Data under study:
>>>>

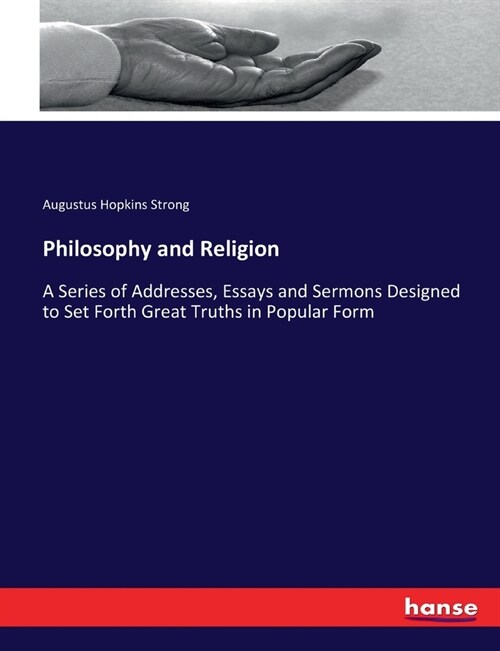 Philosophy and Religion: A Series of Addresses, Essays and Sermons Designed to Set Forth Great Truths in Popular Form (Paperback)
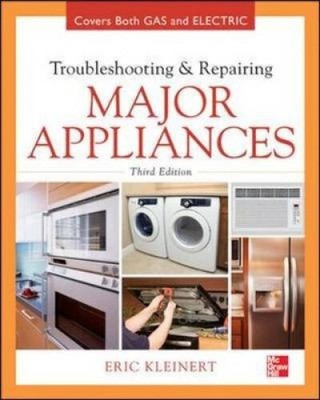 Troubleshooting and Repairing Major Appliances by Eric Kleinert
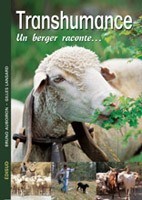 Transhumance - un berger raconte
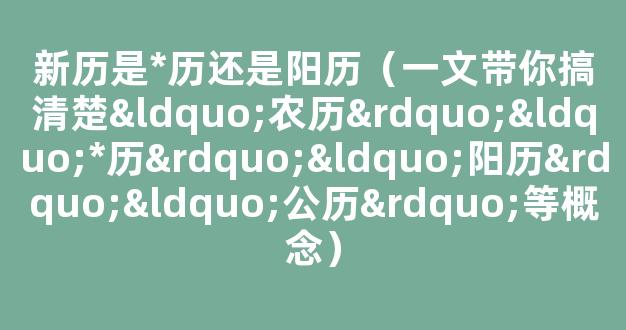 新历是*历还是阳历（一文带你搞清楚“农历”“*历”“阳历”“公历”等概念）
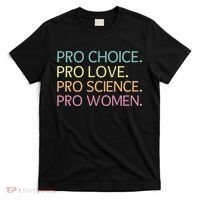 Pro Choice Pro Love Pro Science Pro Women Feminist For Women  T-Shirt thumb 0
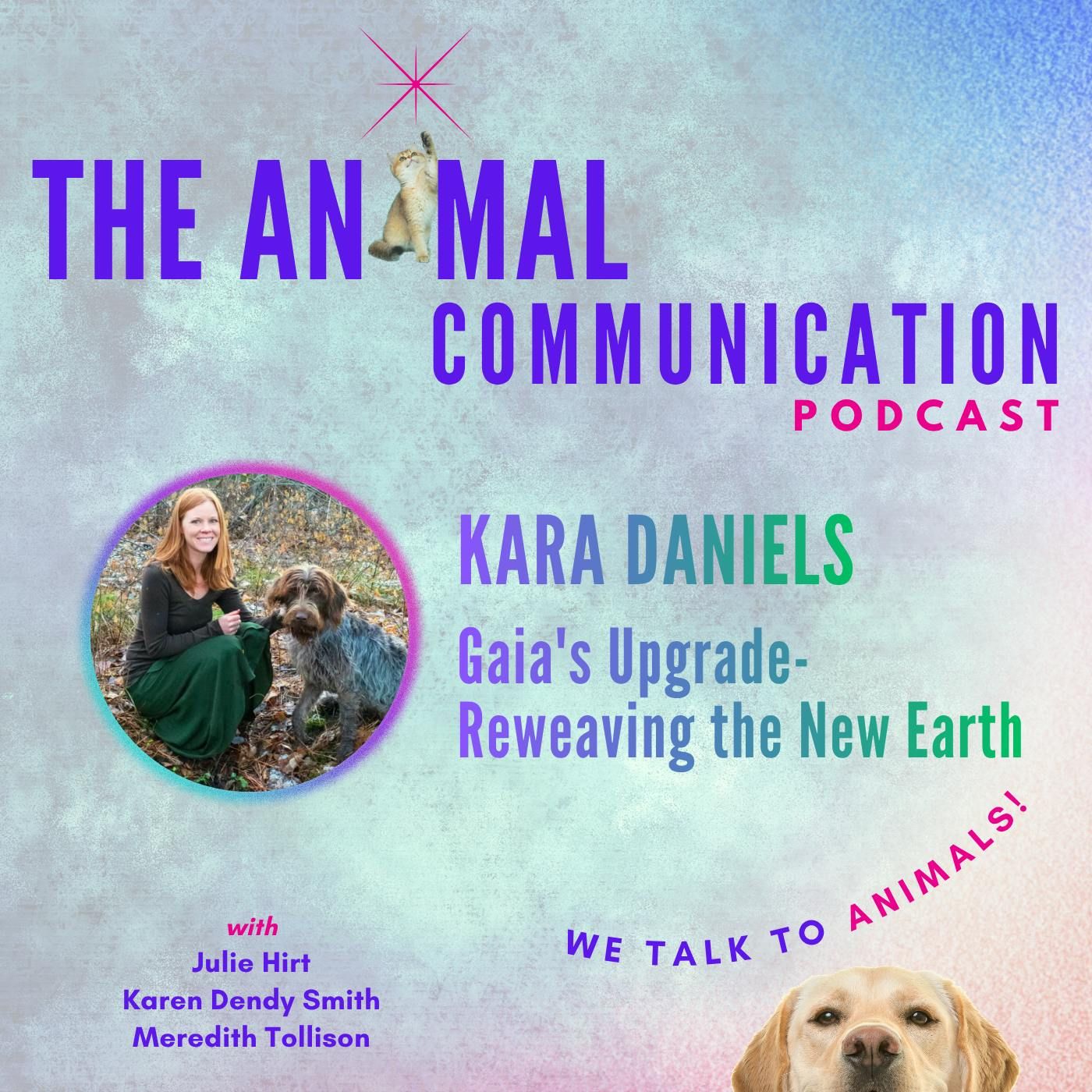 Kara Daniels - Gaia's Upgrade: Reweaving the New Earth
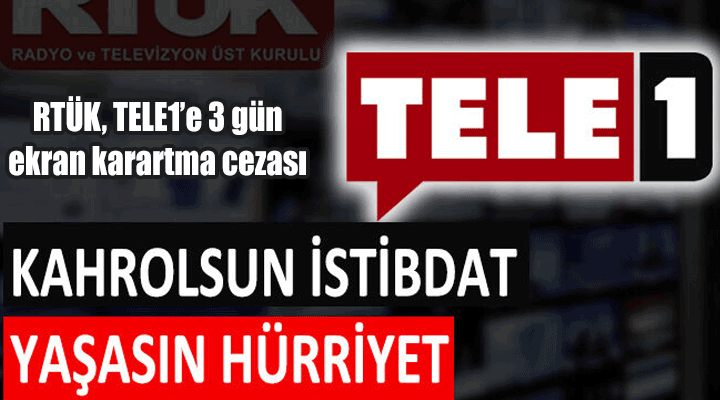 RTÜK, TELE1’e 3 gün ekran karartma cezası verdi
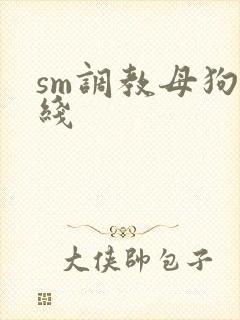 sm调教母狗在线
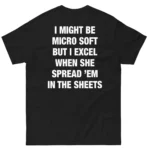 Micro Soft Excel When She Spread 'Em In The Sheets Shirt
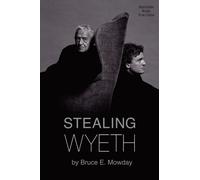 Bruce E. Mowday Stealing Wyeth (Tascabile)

<<<<
>>>>

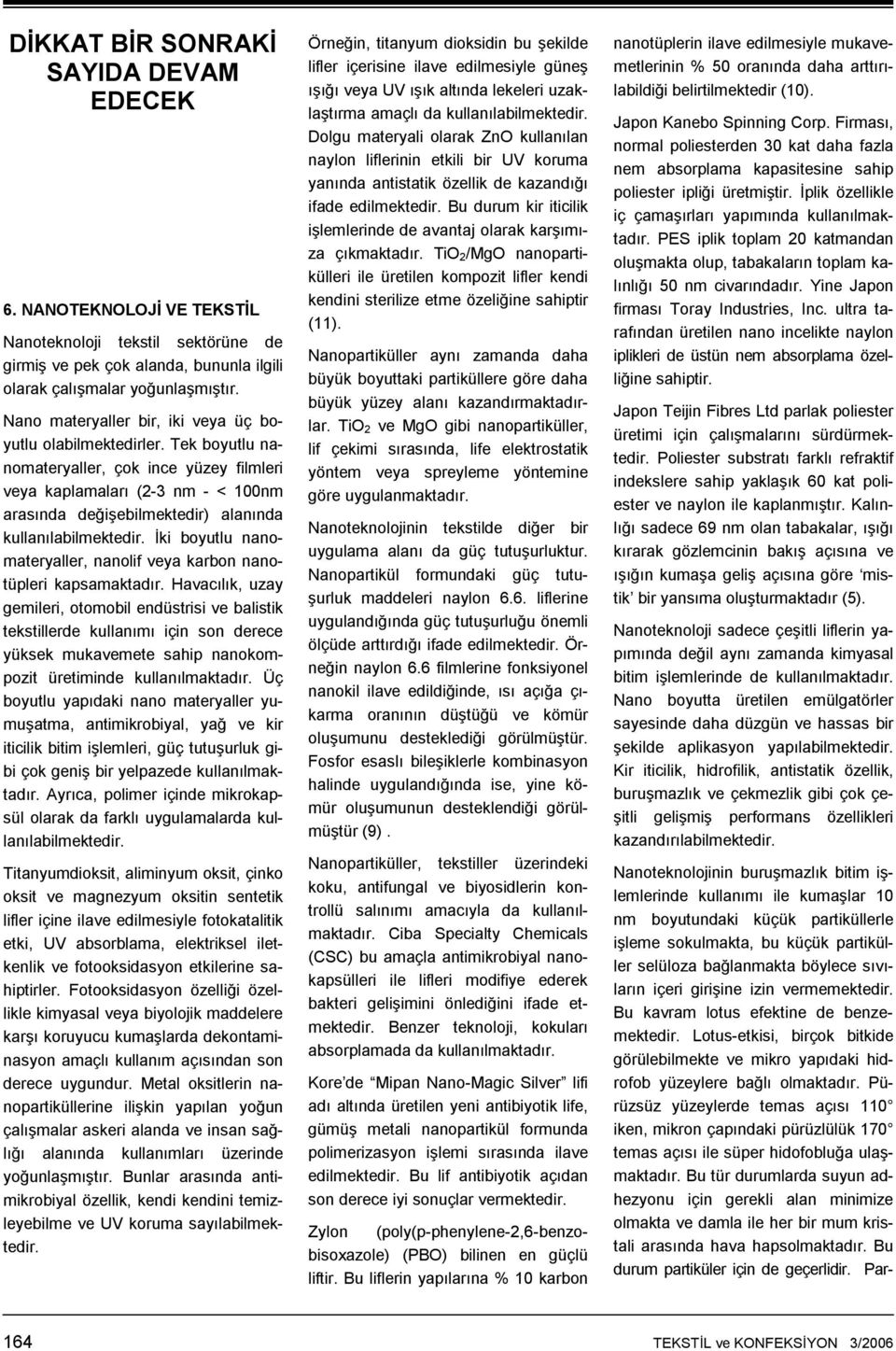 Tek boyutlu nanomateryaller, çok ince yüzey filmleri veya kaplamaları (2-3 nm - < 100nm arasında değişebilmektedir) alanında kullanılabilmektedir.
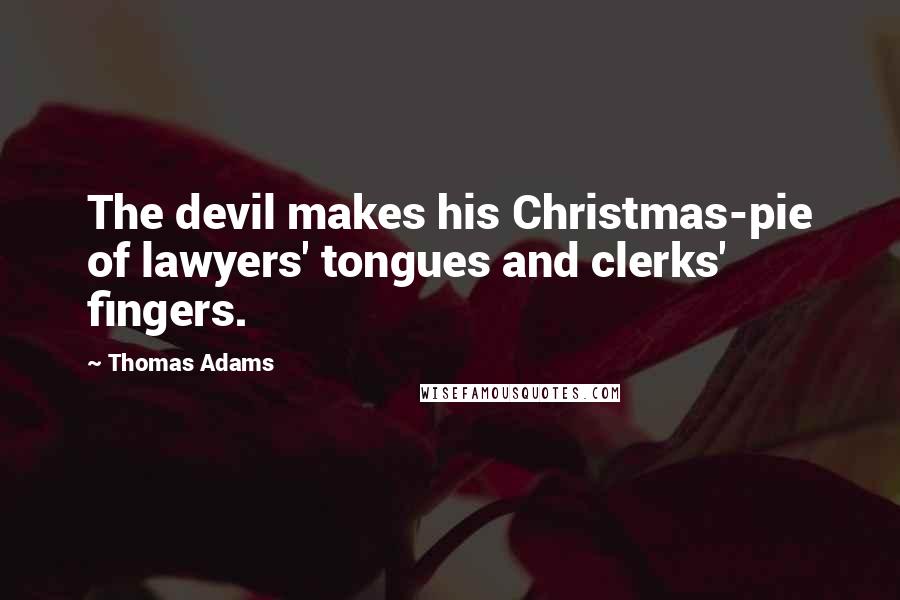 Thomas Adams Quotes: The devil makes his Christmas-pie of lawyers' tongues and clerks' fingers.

<<<<
>>>>

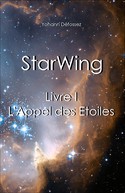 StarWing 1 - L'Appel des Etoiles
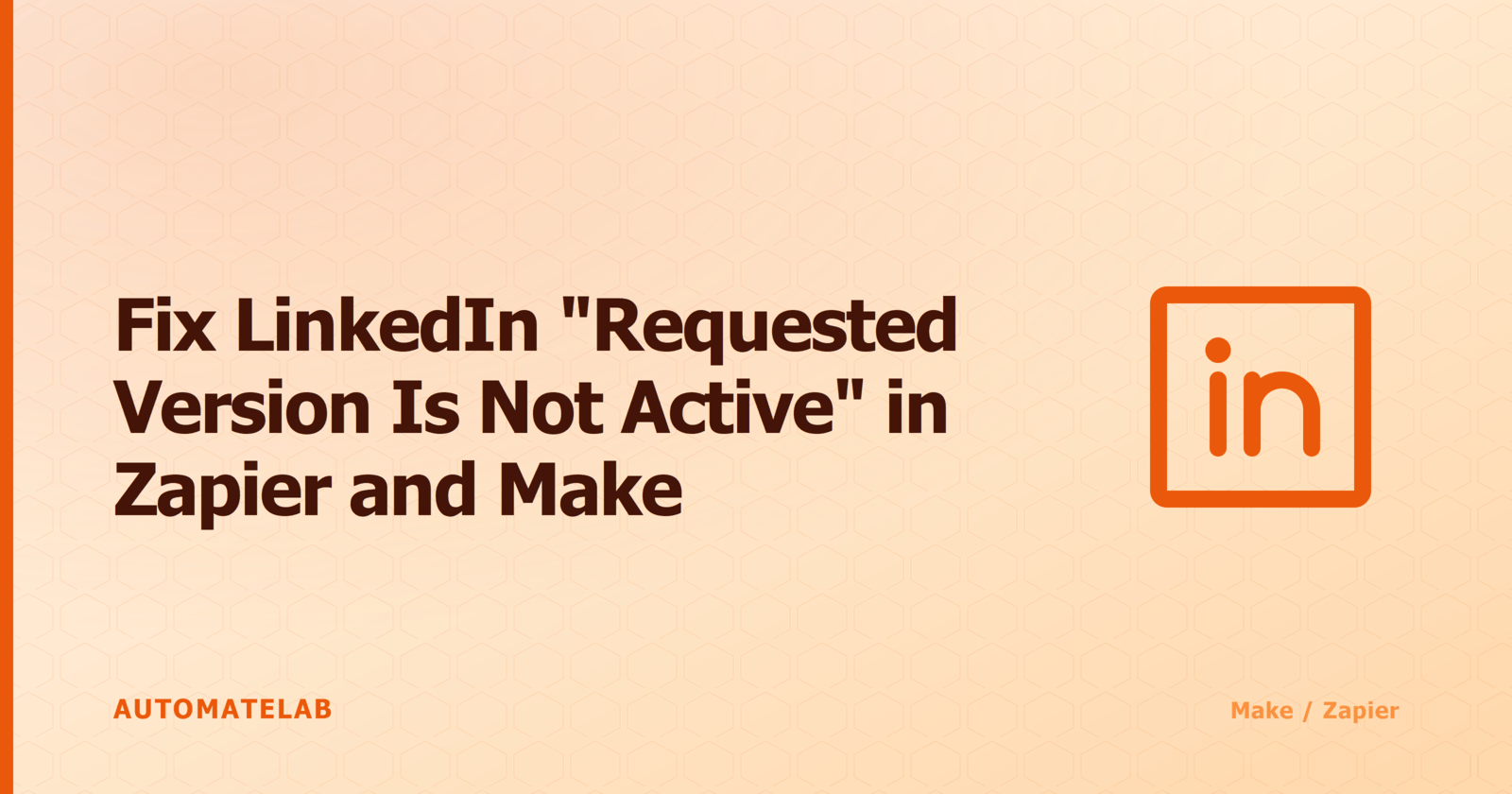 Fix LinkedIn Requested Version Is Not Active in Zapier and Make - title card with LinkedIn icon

<<<<

Work instructions:
Within the listing above, the stretch from the line with "RTÜK, TELE1’e 3" down to the line with "Bruce E. Mowday Stealing Wyeth (Tascabile)" is to be given again exactly, end lines included and pictures excluded.

Response to this task:
 RTÜK, TELE1’e 3 gün ekran karartma cezası verdi
 sm调教母狗在线
 Micro Soft Excel When She Spread 'Em In The Sheets Shirt
 Bruce E. Mowday Stealing Wyeth (Tascabile)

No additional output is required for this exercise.